Players can also unearth “imaginite chests” that spawn after certain battles or lurk in hidden areas. These spill random loot you can then use to reconfigure your Skylander, say equipping rolling pins, or battle skillets, or the acoustic guitar we found during my demo. (I’ll leave to the imagination what a smasher-class Skylander’s going to do with any of those.)
So where are the actual toys-to-life? The answer involves 31 real-world Skylanders the studio’s calling Sensei. (Like the lowercase ‘s’ word signifying a martial arts guru.) “These are characters that represent the epitome of the different battle classes, that really showcase mastery over those classes,” explains Wilson, handing me one named Tri-tip, a triceratops-inspired smasher with a devastating special move, but who in quieter moment likes to twist a pool chalk on his horns.
Each Sensei has a special meter that builds over time and lets them execute a unique “sky-chi” maneuver. “It’s the most powerful attack we’ve given to any of our Skylanders to date,” says Wilson. “It’s meant to showcase the ultimate power of that fighting style.” He taps a button and Tri-tip rotates in place like mace-swinging tornado, pinballing around the battlefield and toppling Doomlanders like tenpins. What’s more, Sensei can unlock special shrines scattered throughout levels aligned with the 10 battles classes (a move clearly designed to encourage purchase of multiple Sensei). The shrines are a big deal, because they not only unlock class-based creation items, they’ll let you upgrade a Sensei’s sky-chi power.

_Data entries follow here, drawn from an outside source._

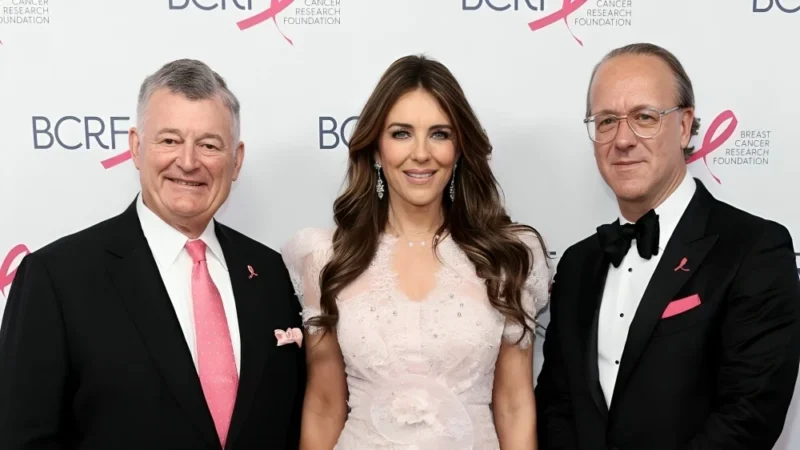 The Estée Lauder Companies at 2026 Hot Pink Party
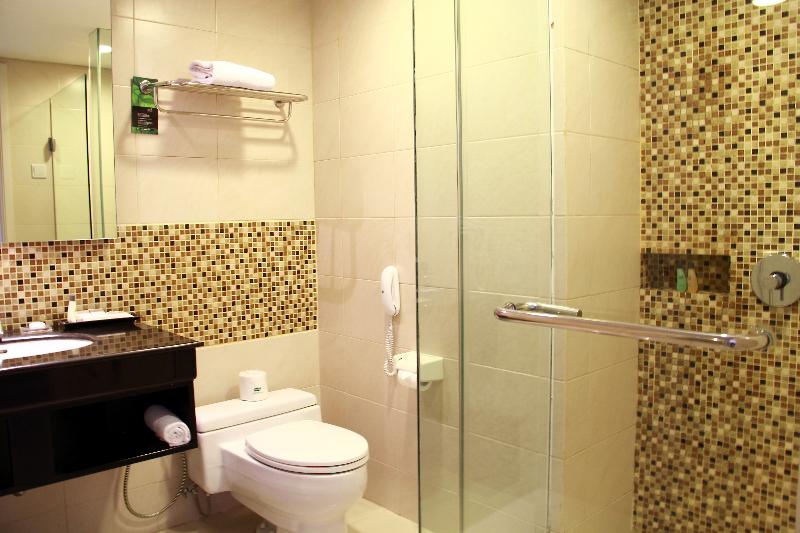豪华房间, Java Paragon Hotel & Residences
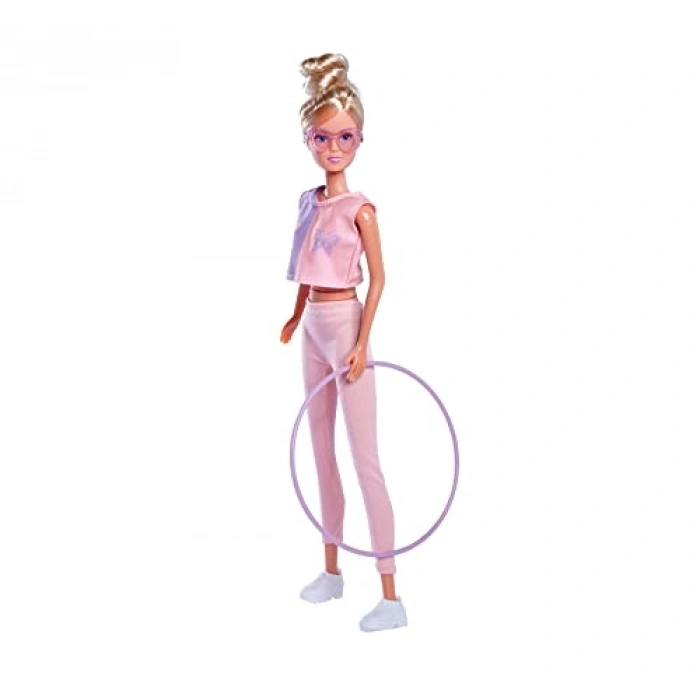 29 Cm Uzunlu Mekanik Hula Hoop Oyuncak - Şık Aksesuar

In another series first, Toys for Bob’s going to let us play as the bad guys—sort of. Eleven of the Sensei are reformed villains from prior games. “It’s something fans have been asking for for awhile now,” says Wilson, explaining that most are from Trap Team, where you could snare them in crystals but only use them for short bursts. Here they have fleshed-out movement sets worthy of the Skylander name.
Wilson drops The Golden Queen on the portal to demonstrate. She’s the avaricious former leader of the Doom Raiders. In Imaginators, she can summon golden scarabs, an A.I. buddy that shoots golden blades or pull off a sky-chi move that unleashes an epic storm of beetles. Though she’ll still say stuff like “I reign supreme!” So reformed, yes, but edgy.
What’s more, dropping Senseis on the portal unlocks creation tool options, including gear, weapons and special techniques for characters in the same class as a given Sensei. And while Wilson tells me the Skylander level cap is still in flux, Sensei raise the max imaginator level. During my demo, it bumped up to 21 when we pulled in Tri-tip, and then to 22 when we summoned The Golden Queen.
Pricing seems in line with past years, meaning slightly north of the $59.99 asking price most triple-A games go for by themselves. This year’s starter pack includes the game, the new portal, two Sensei Skylanders (King Pen and The Golden Queen), and one creation crystal for $74.99. The 20 Sensei plus the 10 reformed villains will cost $14.99 each, and the creation crystals (they can hold one creation at a time) will run $9.99 each. There’s no digital owner’s pack this year, so the only way into the game is through the starter pack.
It’s a lot to think about, but the question I kept circling back to—that begs to be answered in a category so invested in the physical toy-ness of the experience—is this: Will players be able to turn their Imaginators into real-world artifacts?
Wilson smiles as I ask, the smile alone a half-given answer. He can’t say, but I was able to put the question to Toys for Bob founder Paul Reiche (and you can read his response here). Suffice to say, Skylanders: Imaginators may soon have an answer to that seeming conundrum, too.